5) Há muito dinheiro do PRR para distribuir pelas Universidades e pelos centros de investigação. Já antes o CES era um dos que mais recebia. Este é o ano do fim dos contratos de investigadores, ameaçados de desemprego, a avaliação a chegar da FCT (a partir da qual se vai distribuir novos dinheiros, ditar o fim de unidades e a vitória de outras, esmagando colegas). Sobre isto nenhuma investigação mediática. O escândalo já serviu não só para atirar em Boaventura mas em todo o CES e em todas as ciências sociais, que a direita acha que são mais ou menos todas iguais e desnecessárias ao país. Para quê ter sociólogos quando se pode ter só empreendedores? As disputas em curso, à boleia do caso, só reproduzem os mesmos mecanismos que criticam, ou seja, sujar colegas, centros, áreas de investigação.

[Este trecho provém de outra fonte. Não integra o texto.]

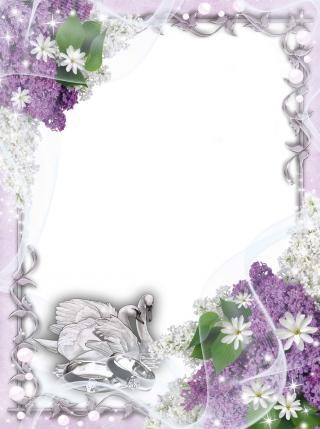 Download Png Wedding Frame Images Free PNG images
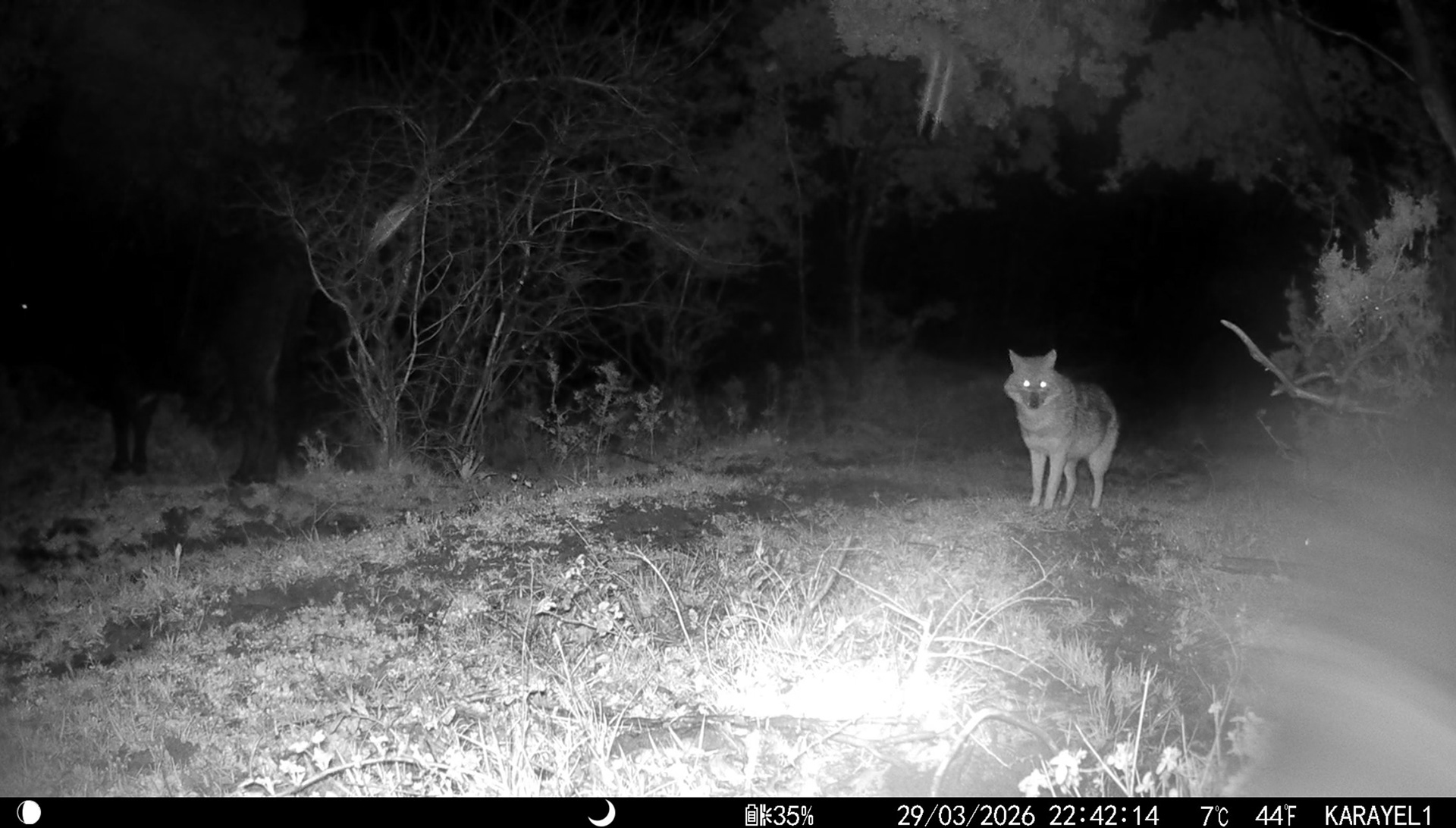 Golden Jackal / ıstanbul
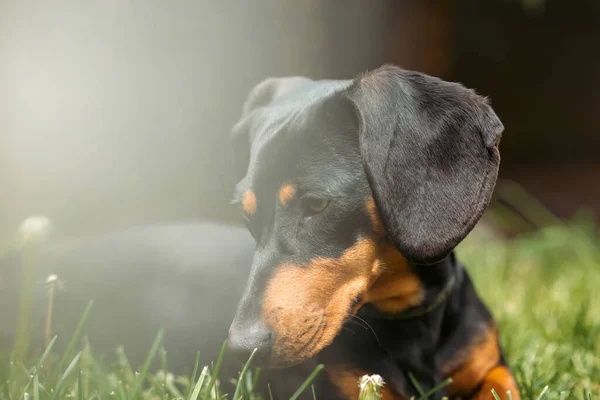 Весняний Портрет Красивого Собаки Таксі Зеленій Траві — стокове фото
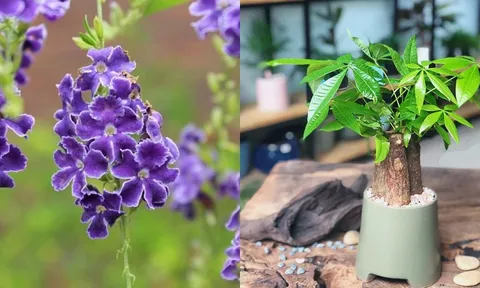 5 cây cảnh “được người xưa chọn mặt gửi vàng”: Trồng trong nhà, vừa đẹp vừa mang ý nghĩa tài lộc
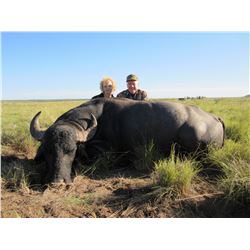 Argentina 5 Day Red Stag, Buffalo and Hybrid Sheep Hunt for 2 Hunters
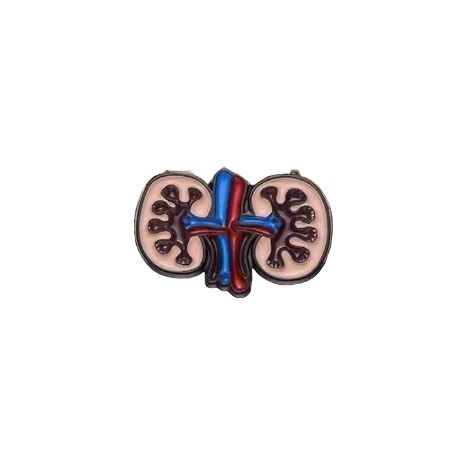 Kidney USB 128MB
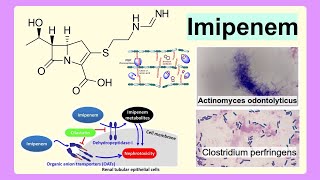 imipenem [upl. by Ynned]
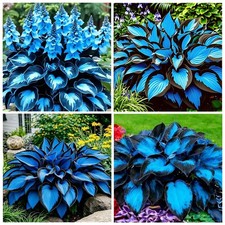290 USA PERMIUM Giant Hosta Seeds for Planting Indoor Outdoor-Non GMO Mixed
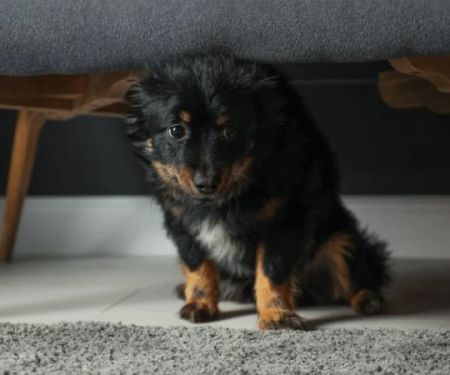 How to Manage Your Pet’s Anxiety at Home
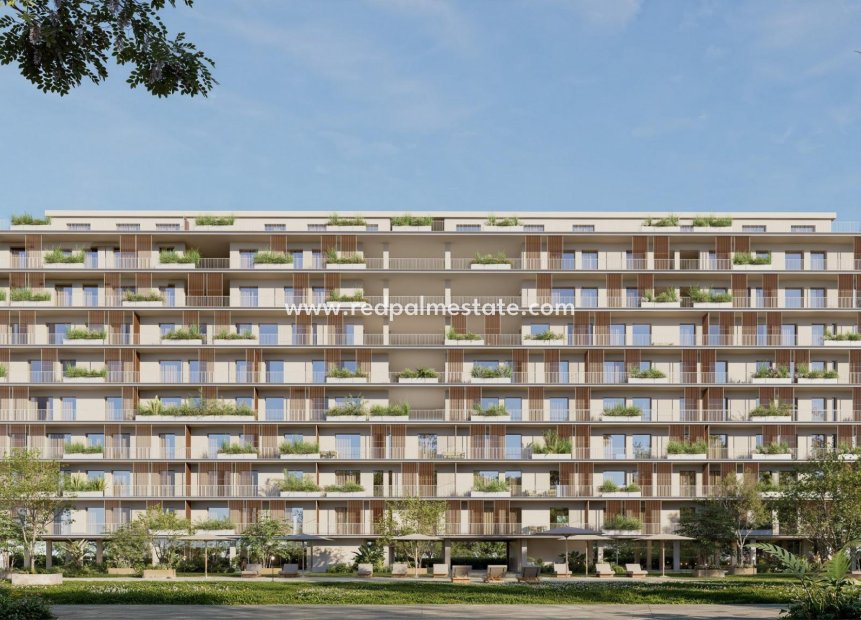 New Build - Apartment -
Moncofa - Playa de Moncofa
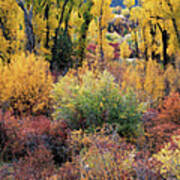 Autumn Panoramic Art Print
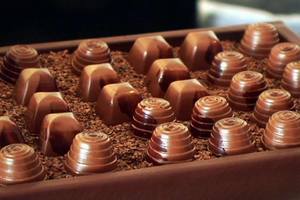Fall Holiday Chocolate Festival and Salon 2026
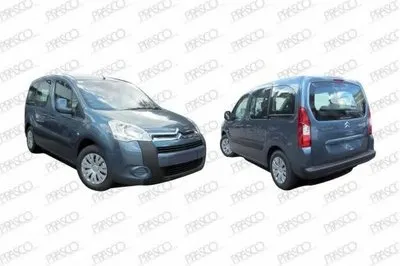 Ручка двери PRASCO купить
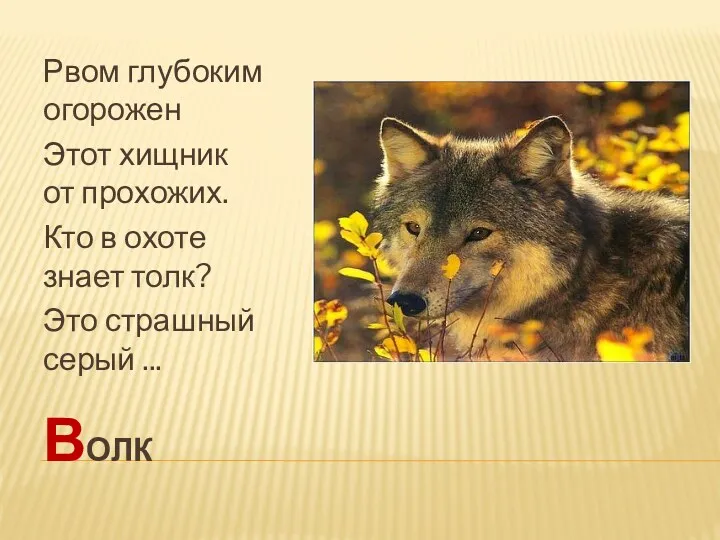 Волк Рвом глубоким огорожен Этот хищник от прохожих. Кто в охоте знает толк?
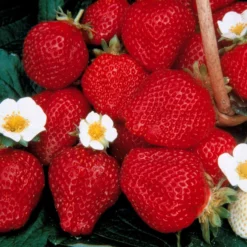 Erdbeer-Kollektion 6 Monate (x60) - Erdbeeren mit einzigartigem Geschmack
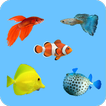 Learning Name Of Fishes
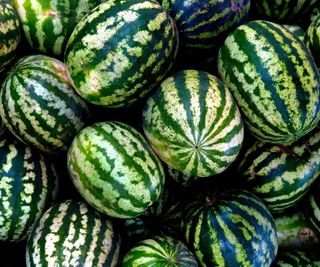 lots of watermelons in a pile - how to pick a watermelon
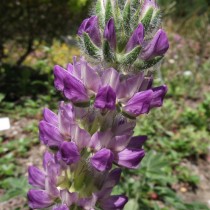 Люпин мелколистный (Lupinus microcarpus) Люпин мелколистный (Lupinus microcarpus)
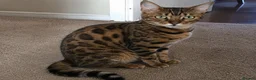 Bengal cats for sale: Bengal Cat in London - Advert 1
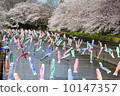    Carp streamer 10147357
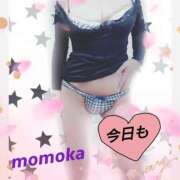 ヒメ日記 2025/05/21 22:30 投稿 ももか 熟女デリヘル倶楽部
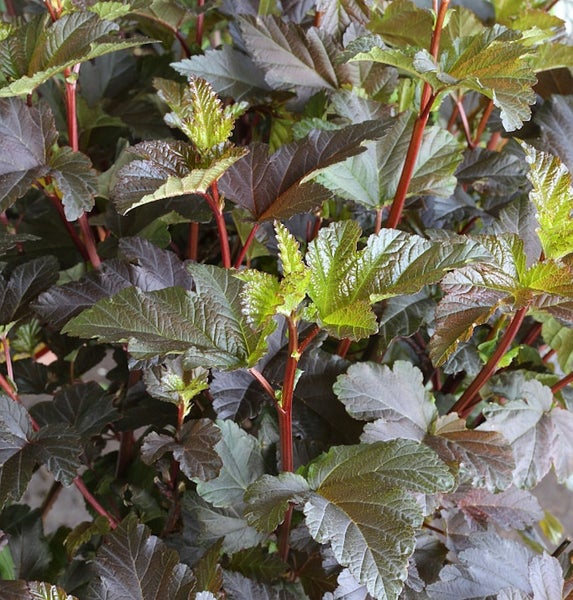 Detailaufnahme eines Rotblättrigen Blasenspiers mit Blättern und Stängeln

6) Sobre o que se pode fazer para defender quem trabalha na Academia e em todos os locais de trabalho do país não há uma proposta em cima da mesa, um editorial indignado. Zero. Zero sobre contratos precários, bolsas eternas, projectos subfinanciados, zero sobre ausência de lugares na carreira, progressão, salários. Sobre isto – a precariedade na Academia, que produz 75% do que é feito – nem uma palavra que não seja a “culpa é do patriarcado e dos catedráticos”. Ainda por cima a universidade há muito deixou de ser de cátedra. A disputa hoje é pelos lugares de gestão. Como é óbvio. Sobre o produtivismo competitivo que deslaça a cooperação, a mercantilização da ciência, a qualidade das avaliações, a cooperação, não se escutou uma palavra.
Podemos aprovar mil códigos de ética – sem debatermos a precariedade, a avaliação, os salários, a autonomia e solidariedade do bem comum, este episódio será mais um prego no caixão dos direitos, incluindo à cabeça os direitos das mulheres. Medidas de suspensão de direitos hoje, em nome das mulheres, serão contra elas e contra todos os trabalhadores preferencialmente usadas.